Faceva caldo quel giorno d’agosto... né un filo di vento...

né un’oasi d’ombra. La terra, gli ulivi e le sterpaglie si ripetevano sempre uguali senza sussulti, spenti nella loro fissità. Non era stato facile portare in Lucania dei forestieri (e tra questi Gaetano Dimatteo) a me cari ma l’immortalità di quel mondo rendeva ancor più incomprensibile il mio legame con una terra che sembrava creata da un dio povero e annoiato. Cielo e terra si impastavano di blu, e rossi, e macchie brune, accendendosi e scomparendo tra le rughe di una terra antica. Cercavo qui e lì qualcosa da mostrare ai miei visitatori attoniti, la linea blu del mare, un intrepido uccello, dei contadini affannati in un campo assolato, ma solo qualche cicala stremata spegneva ogni tanto un silenzio assordante. Mi ero illuso che, raggiunto il Basento, le sue acque avrebbero portato via l’arsura dalle nostre menti ma non c’erano che poche gocce di sudore sul greto del fiume. Rimasi in silenzio anch’io con i miei ospiti. incapace di raccontar loro ciò che quel deserto apparentemente vuoto mi aveva segretamente sussurrato. Arrivammo a Pisticci a pomeriggio inoltrato, con il sole che, suo malgrado, rotolava pian piano giù dal monte. Un vecchio silenzioso ci fissava stranito. Il suo sguardo rubava pudico ogni nostro piccolo gesto, ogni bisbiglio. Non c’era nessuno per strada, ma era così facile immaginare che mille e mille occhi ammiccassero dietro gli usci e le persiane, destati dal loro torpore dal rumore del forestiero.

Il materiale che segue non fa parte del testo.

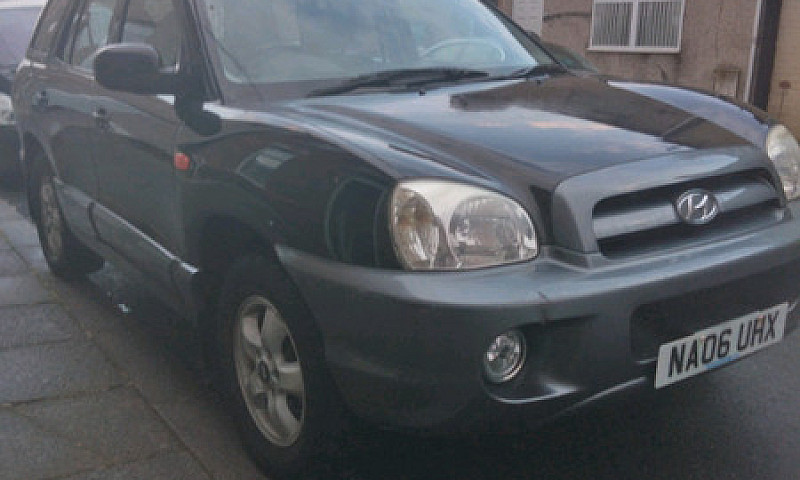 Hyundai Santa Fe 4Wd...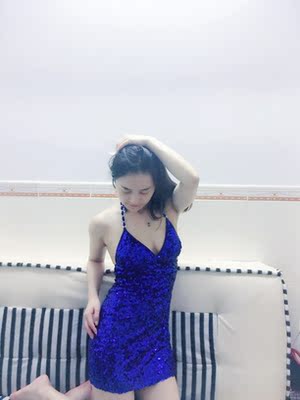 这条裙子买来跳拉丁舞的，参加Party配件黑色小外套不错，也可以作为舞蹈表演服。我身高163,体重47KG，均码合身，衣服有弹性，蓝色亮片设计挺时尚，不错，推荐！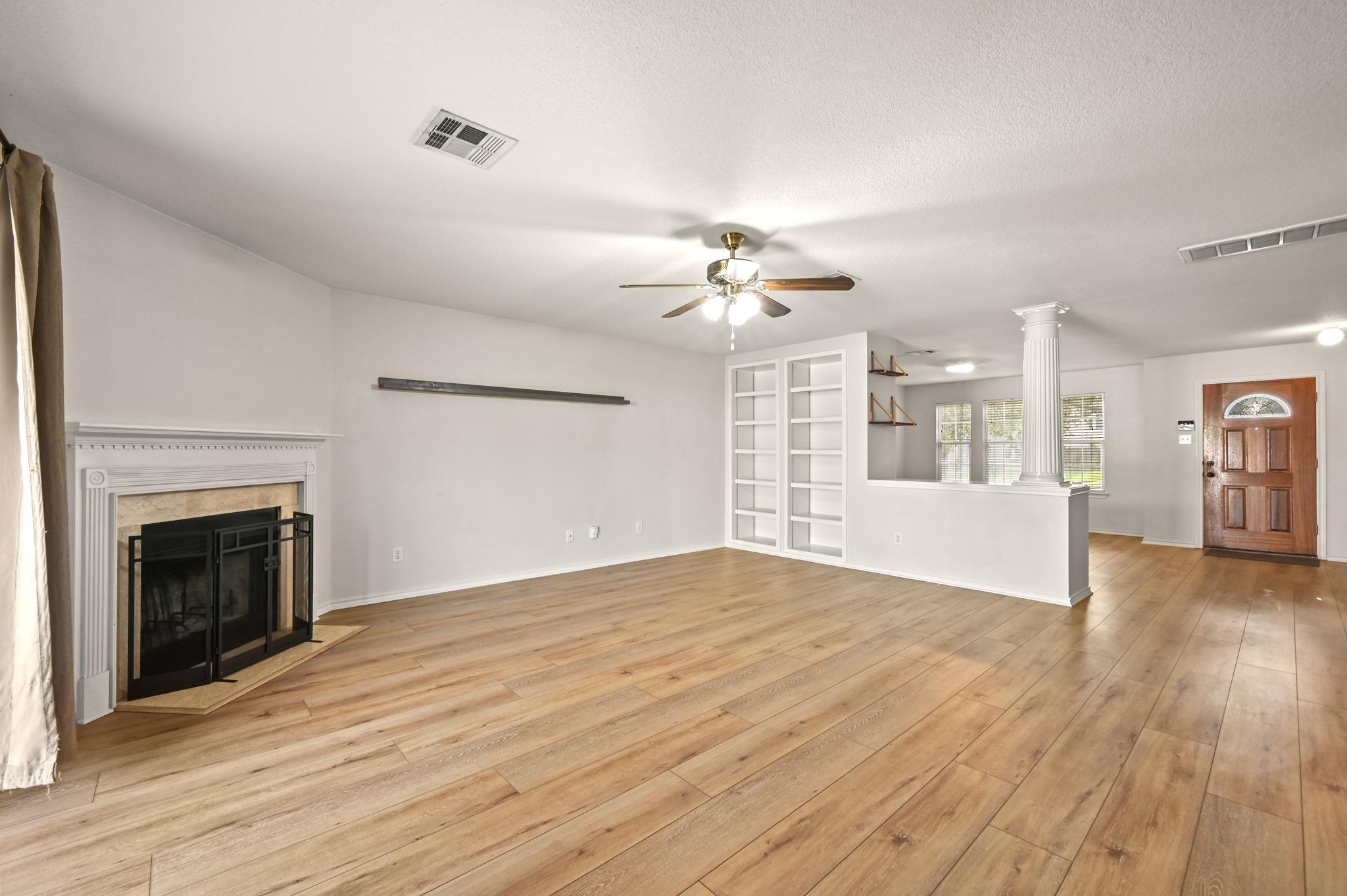 11140 Currin LN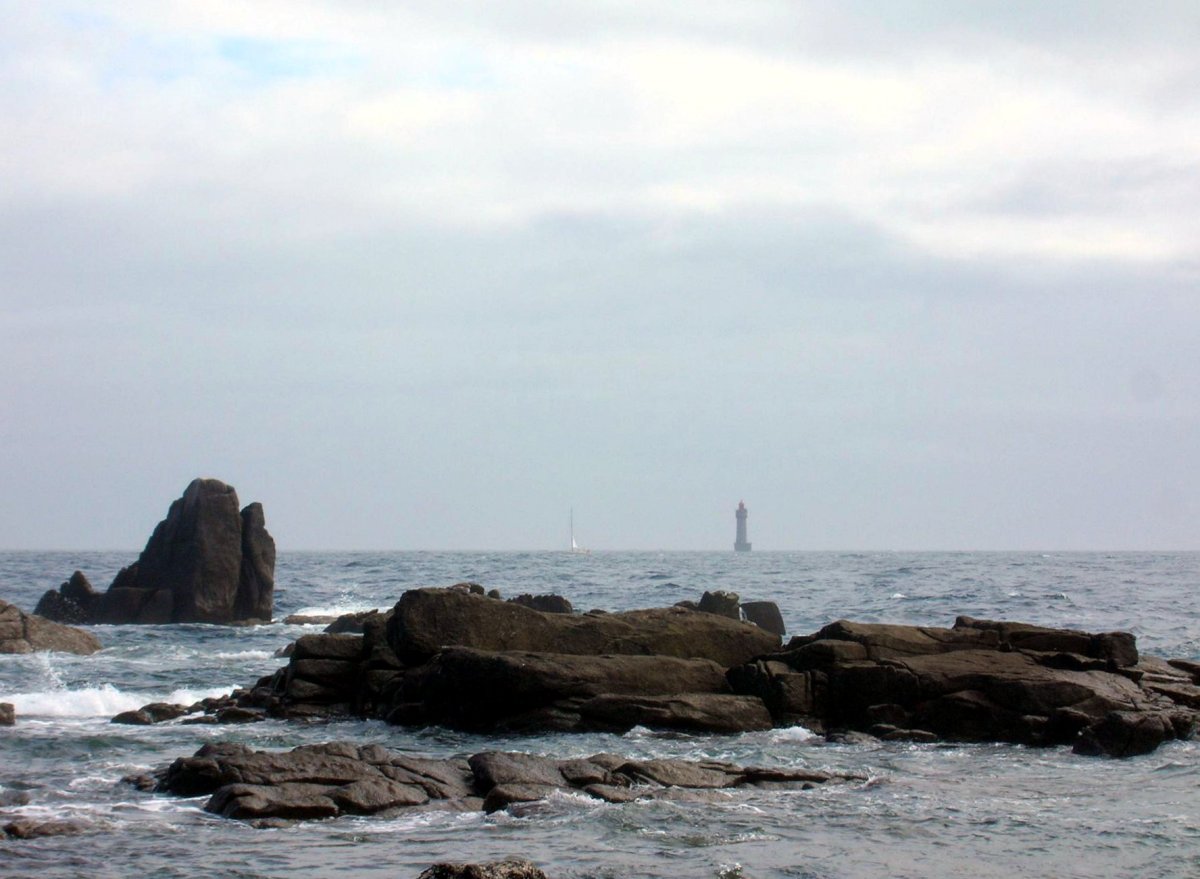 Faro der Jument: Der rote Wächter von Ouessant — Ouessant
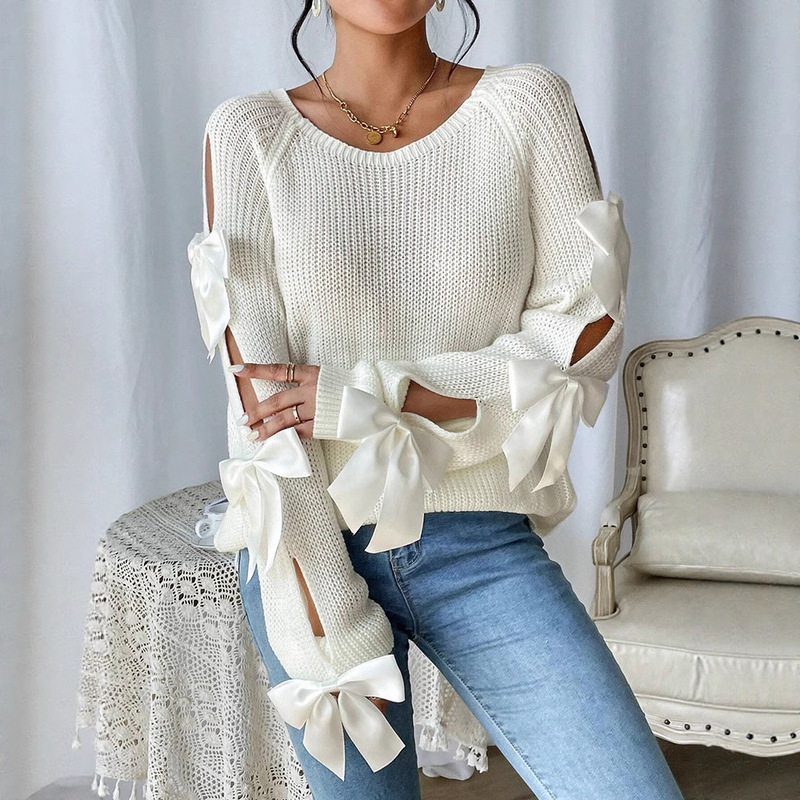 Bow-Knot Decorated Cut-Out Long-Sleeved Knitted Sweater for Women, New Autumn Style, Sweet and Age-Reducing Style, Loose Top, French Style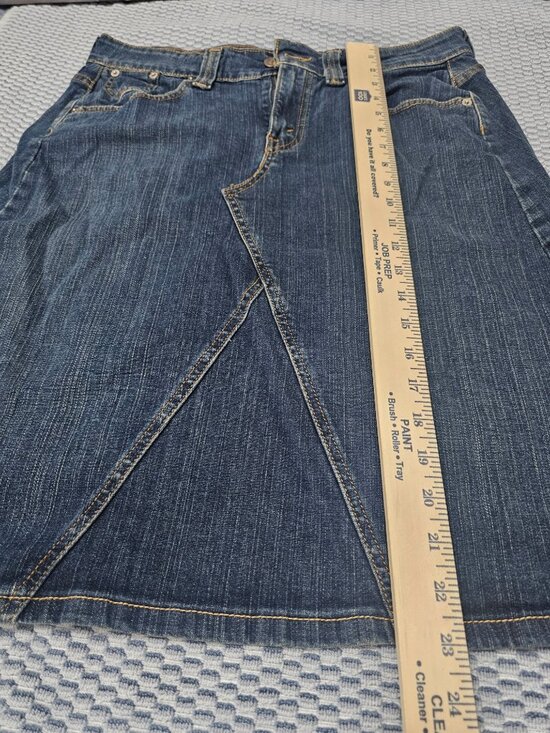 Levis Vintage Y2K Year 0407 Dark Wash Denim Midi Skirt - Size 8 - Picture 6 of 6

Solo a tarda sera si uscì di nuovo in strada, l’aria fresca e umida, mirando i paesi che in quel buio lontano parevano stelle. L’indomani il silenzio lasciò il posto ad uno strano fervore. Era il giorno di San Rocco quello, e pensai che, a girar per le strade e le case, avrei raccontato ai miei ospiti più di mille parole. Le donne, i ragazzi, persino i gatti s’affrettavano lungo le vie, passandoci accanto incuranti, con l’aria secca che s andava mescolando ad antiche fragranze, mentre noi, ospiti invisibili, partecipammo da un terrazzino nell’ombra. Pochi uomini portavano la statua, ma anche delle curve vecchine parevano stancarsi e soffrire nell’accompagnarla. Nemmeno San Rocco sembrava di vera cartapesta tanto il suo volto, nelle fattezze e nei colori, si confondeva con quello dei presenti. A me che guardavo lontano, quel raccoglimento devoto risuonava non più come un canto sommesso, ma come un urlo di disperata speranza affidato da tutti ad una Storia avara. Non

c’era meno vigore nei vecchi, né i giovani meno accorati. Erano lì tutti insieme, con passo lento, ciascuno col volto fresco, e al contempo segnato da linee aspre e virili. Gli sguardi stranieri parevano rapiti da quella dolce fierezza, colorata a volte di rosso e a volte di blu, dalle labbra sottili e bruciate dal sole, dagli occhi neri e sognanti. Era la processione a raccontare la storia della mia terra e quel suo canto struggente l’eco di un mondo lontano da tutto, che di nuovo rivive nel segno e nei colori di Gaetano Dimatteo.